En marzo, el gobierno chino limitó la mayoría de los envíos al extranjero previo a la temporada de siembra de primavera, permitiendo únicamente la exportación de ciertos productos, entre ellos el sulfato de amonio.
Estas restricciones han coincidido con un fuerte incremento en los precios internacionales de los fertilizantes, impulsado en parte por la interrupción del comercio en el estrecho de Ormuz, una ruta clave por donde circula aproximadamente un tercio de la urea a nivel global.
En contraste, los precios internos de la urea en China permanecen considerablemente más bajos, debido a las restricciones y a su sistema de producción basado en carbón.
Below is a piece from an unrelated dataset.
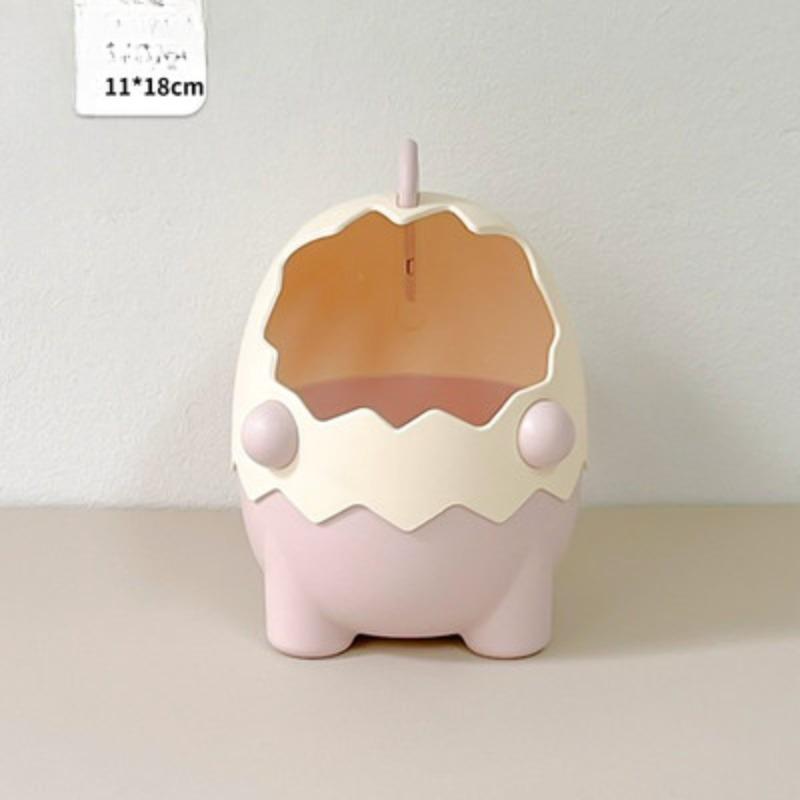 Держатель для ручек в виде динозавра, студенческий настольный ящик для хранения канцелярских принадлежностей, мультяшный детский настольный пенал для девочек, держатель для ручек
Esta diferencia genera un incentivo económico significativo para exportar, en caso de que las limitaciones fueran flexibilizadas.

Actualmente, las exportaciones de urea operan bajo un sistema de cuotas, y las autoridades suelen evaluar la disponibilidad de excedentes a partir de mayo antes de autorizar envíos al extranjero.
Durante el último año, China exportó 4.9 millones de toneladas de urea, una cifra inferior al promedio histórico que oscila entre 5 y 5.5 millones de toneladas, equivalente a cerca del 10% del comercio global, según datos de StoneX.